Quote the data exactly, first line to the line containing "My name is Kat", with no pictures.

Information supplied:
————

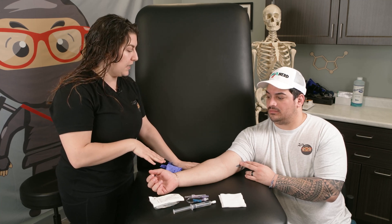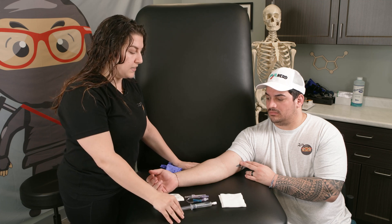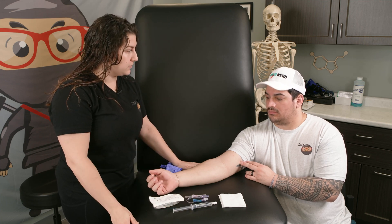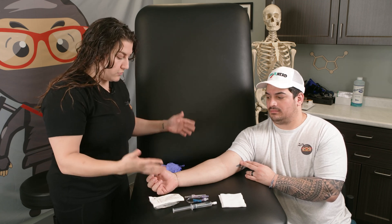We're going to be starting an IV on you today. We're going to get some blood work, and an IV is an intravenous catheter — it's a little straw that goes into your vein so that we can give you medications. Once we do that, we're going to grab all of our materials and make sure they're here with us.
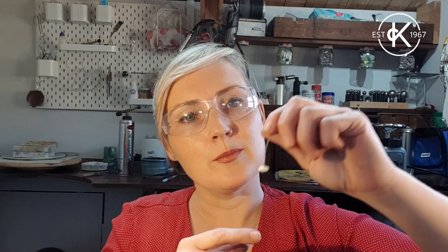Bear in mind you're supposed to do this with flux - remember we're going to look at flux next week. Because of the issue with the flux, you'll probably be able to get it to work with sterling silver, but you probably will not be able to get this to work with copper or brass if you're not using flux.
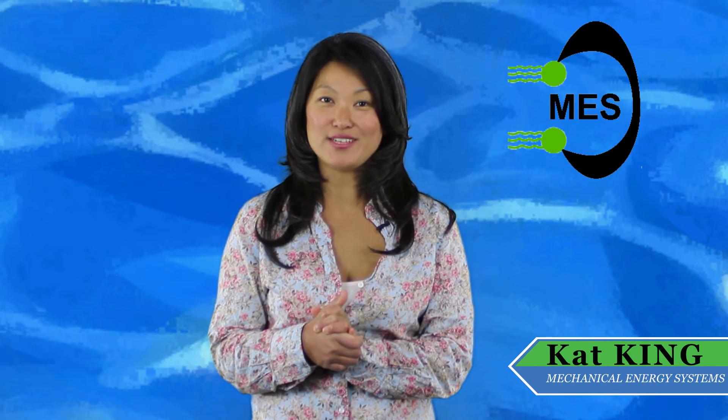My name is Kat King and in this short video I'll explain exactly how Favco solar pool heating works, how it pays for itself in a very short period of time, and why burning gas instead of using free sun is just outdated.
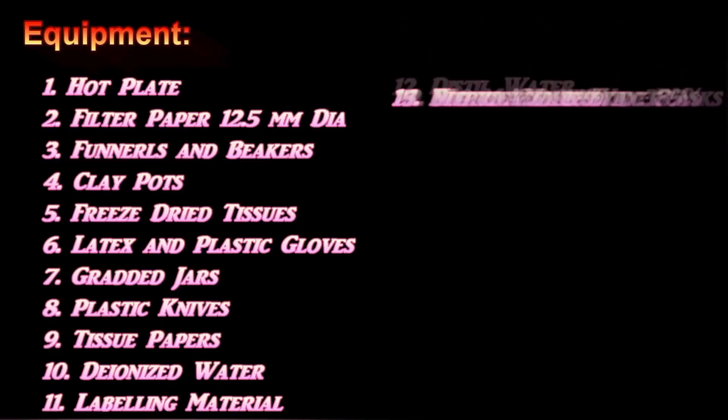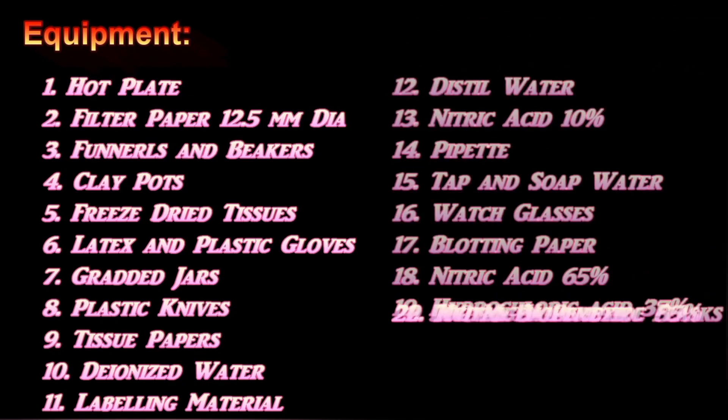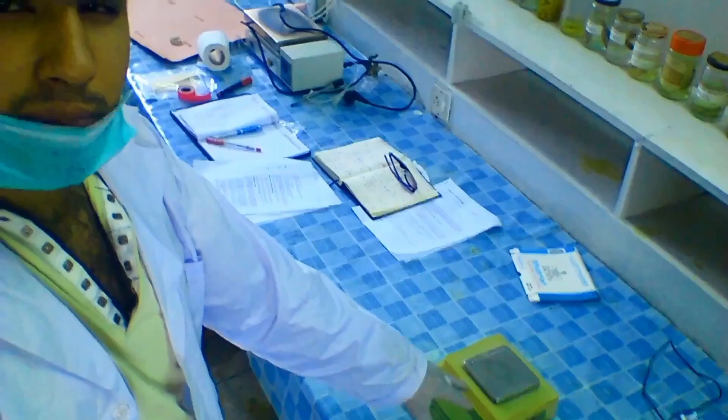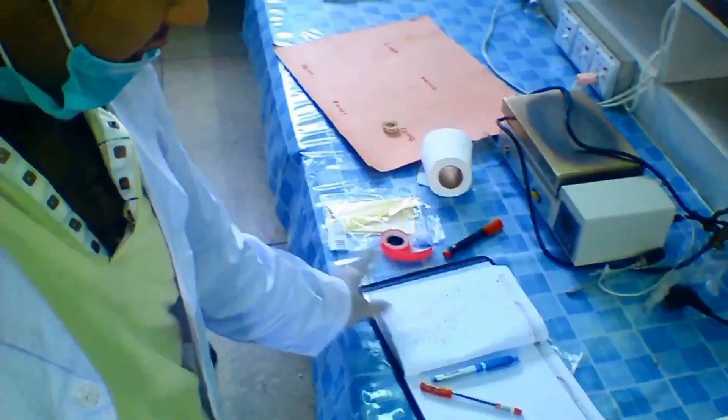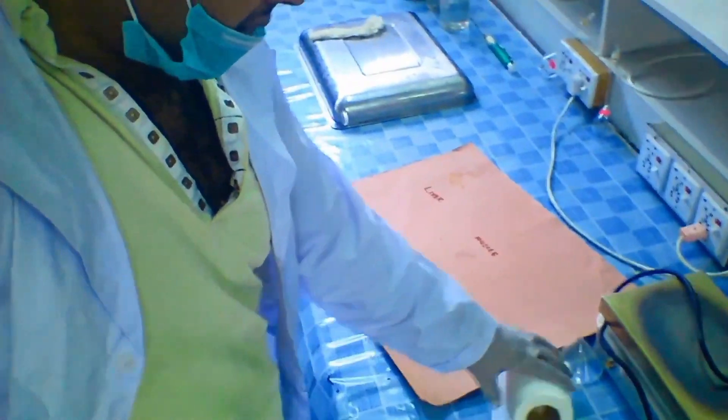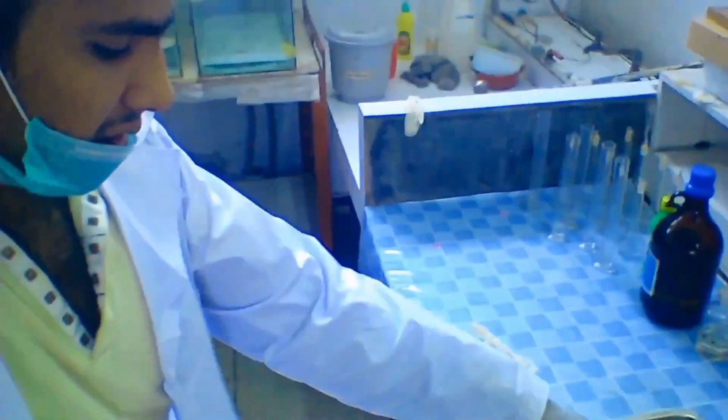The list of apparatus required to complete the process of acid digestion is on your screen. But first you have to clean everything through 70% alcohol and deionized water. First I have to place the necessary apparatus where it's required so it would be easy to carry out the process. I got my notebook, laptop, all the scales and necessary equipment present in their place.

————

Task output:
We're going to be starting an IV on you today. We're going to get some blood work, and an IV is an intravenous catheter — it's a little straw that goes into your vein so that we can give you medications. Once we do that, we're going to grab all of our materials and make sure they're here with us.
Bear in mind you're supposed to do this with flux - remember we're going to look at flux next week. Because of the issue with the flux, you'll probably be able to get it to work with sterling silver, but you probably will not be able to get this to work with copper or brass if you're not using flux.
My name is Kat King and in this short video I'll explain exactly how Favco solar pool heating works, how it pays for itself in a very short period of time, and why burning gas instead of using free sun is just outdated.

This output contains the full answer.